Data for the task:
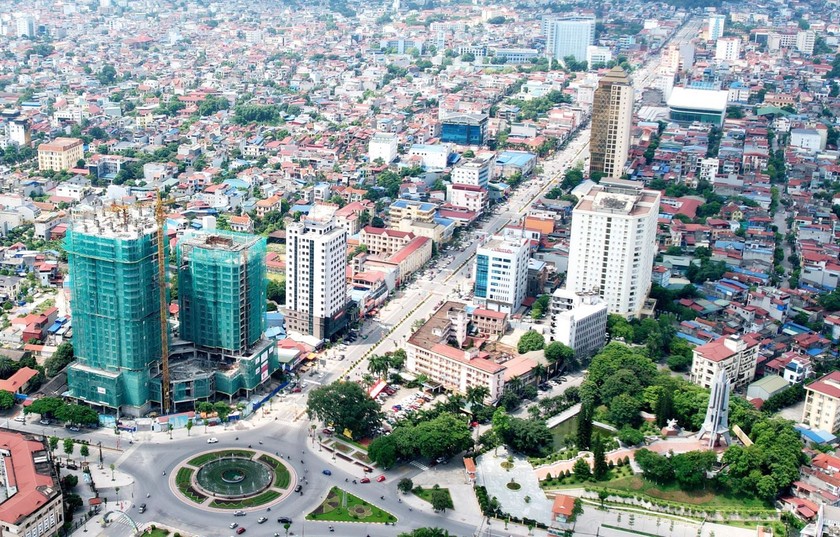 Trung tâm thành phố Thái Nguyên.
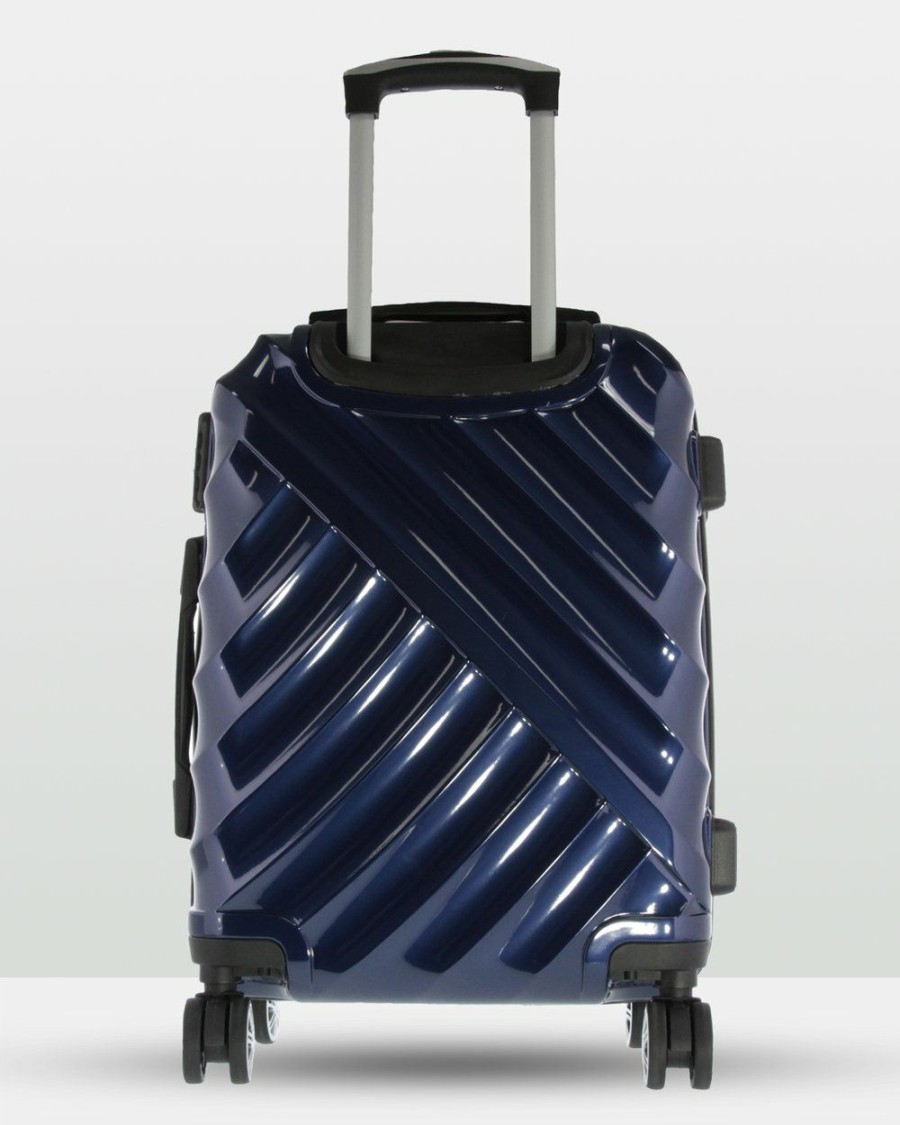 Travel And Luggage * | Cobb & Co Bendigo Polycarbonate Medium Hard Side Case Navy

==

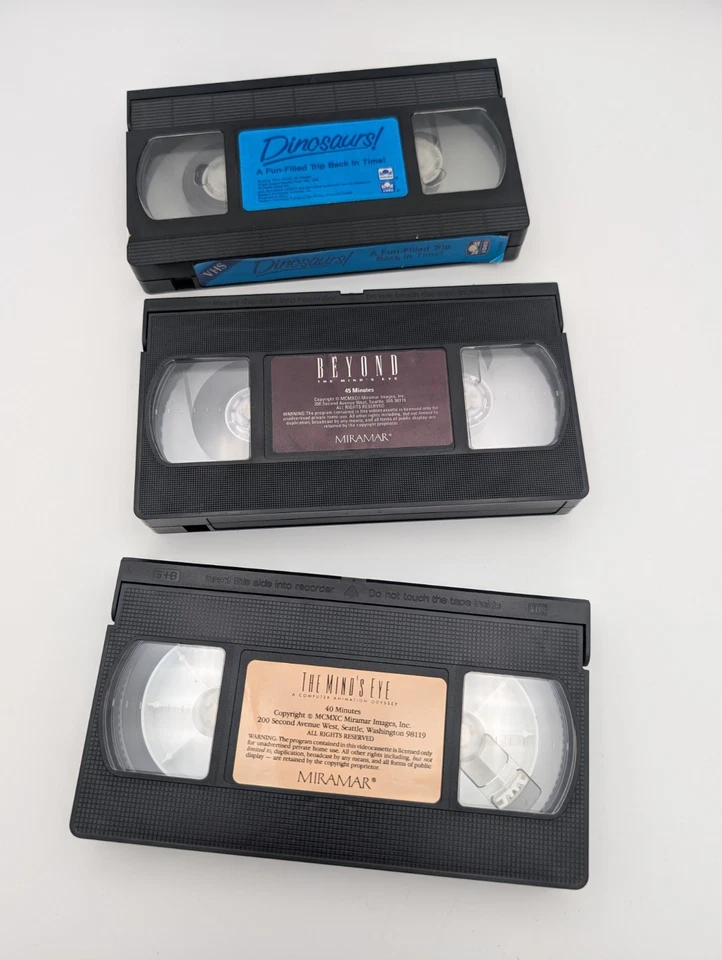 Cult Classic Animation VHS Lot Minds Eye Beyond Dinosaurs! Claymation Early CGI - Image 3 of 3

--

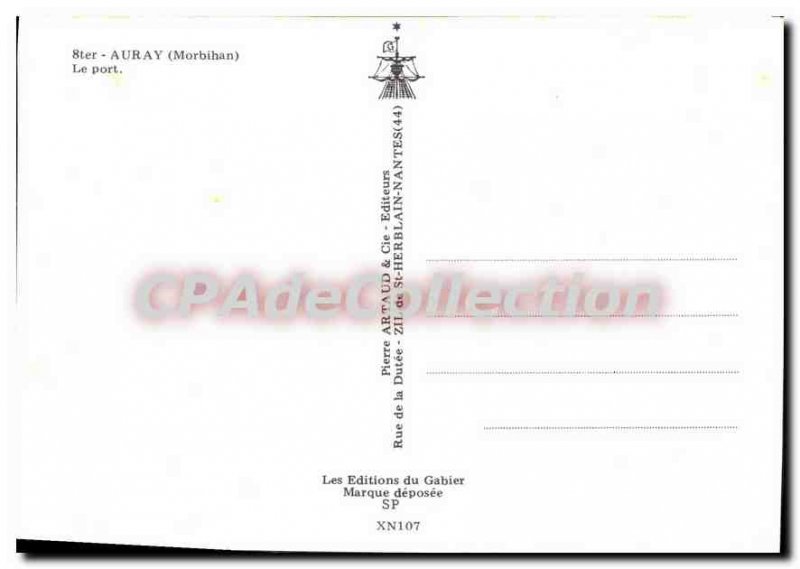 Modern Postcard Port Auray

What you will do: Reproduce exactly the lines above starting at the line containing "Trung tâm thành phố Thái Nguyên." and ending at the line containing "Travel And Luggage", including both, but not the pictures.

Exercise response:
 Trung tâm thành phố Thái Nguyên.
 Travel And Luggage * | Cobb & Co Bendigo Polycarbonate Medium Hard Side Case Navy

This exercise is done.